A new way of looking at assessment

This was posted on LeaderTalk: “The teacher must come away with a lesson learned also. If a student can think she can get away with a copy and paste product from a web site or an online encyclopedia, then the assignment has not been particularly engaging or thought provoking. The teacher should come away with the understanding that assignments need to engage, to challenge, and to promote an inner dialogue with material student are studying.

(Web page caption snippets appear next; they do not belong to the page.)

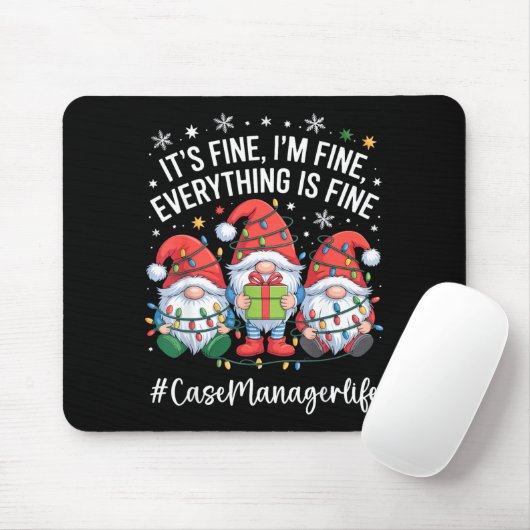 Tapis De Souris Case Manager Gnome Everything Is Fine Funny Christ (Avec souris)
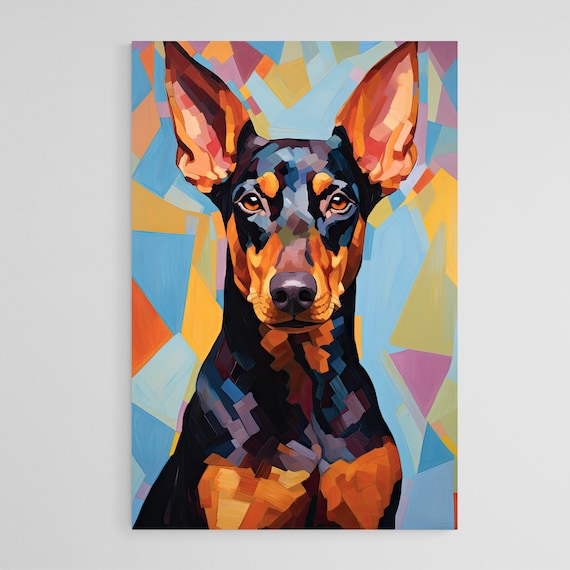 Doberman Pinscher Mosaic Cubist Portrait Orange Blue Facet Poster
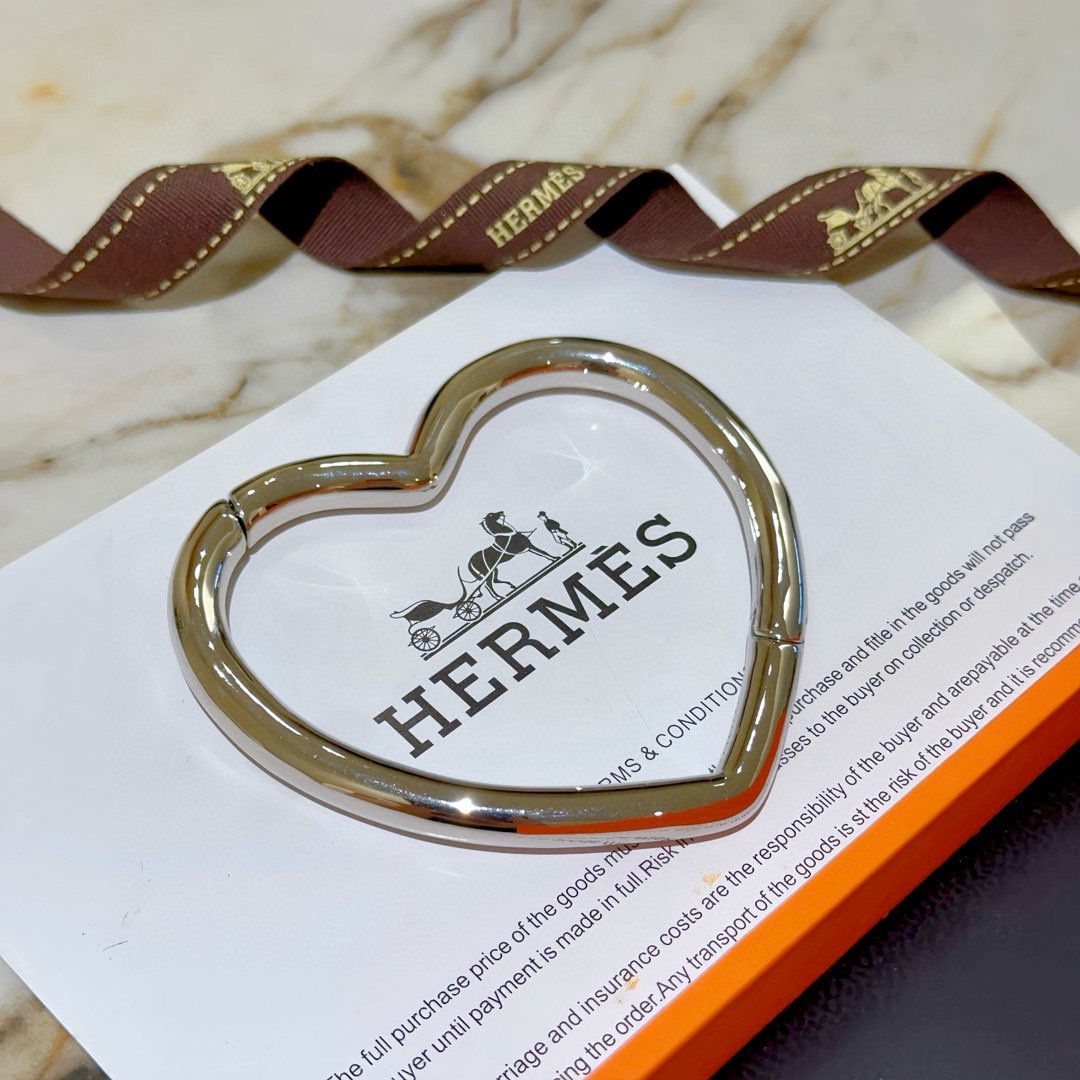 Hermes Heart Bangle bracelet silver-toned metal no gemstones 17cm inner circumference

If the student can just copy and paste to fill out a traditional ten pages, then it is time to re-examine the assignments being imposed.”

I’ve had this type of conversation many times with others.  If teachers are worried about students “copying” assignments, maybe teachers should really be worried that they are giving assignments that are easily copied.  I’ve been there.  As a teacher I devised ways to keep students from cheating on the excellent assignments I got out of the supplemental materials (sarcasm intended).  I made them put their notebooks up around their assignments, I made 4 different versions of the same things and labeled them A, B, etc.  I took points off for items that were obviously copied.  All of these ideas were from other teachers.  Finally I got to a point in my teaching when I realized that the problem was with my assignments, not the students.  It took a little more thinking to come up with assignments that would have to be individual.  It took a little more time to grade (and I couldn’t give my student aid an answer sheet and have him/her do it).  But I discovered that I actually enjoyed reading what came out of the kids’ heads.  I discovered it wasn’t the amount of grades I had, but the quality of the assignments that mattered.  (Note: I once taught with someone who would have 90 grades a six weeks.  That wasn’t a typo- NINETY.)  Now I’m looking toward being a teacher of teachers and wondering how to convey this information to others.  Do I tell them it’s easier?  Do I tell them they won’t have to worry about cheating?  Do I tell them the students will be more engaged?  Do I tell them to just do it, or they’ll be fired?  (I know I can’t do the last one…though it would be nice…)  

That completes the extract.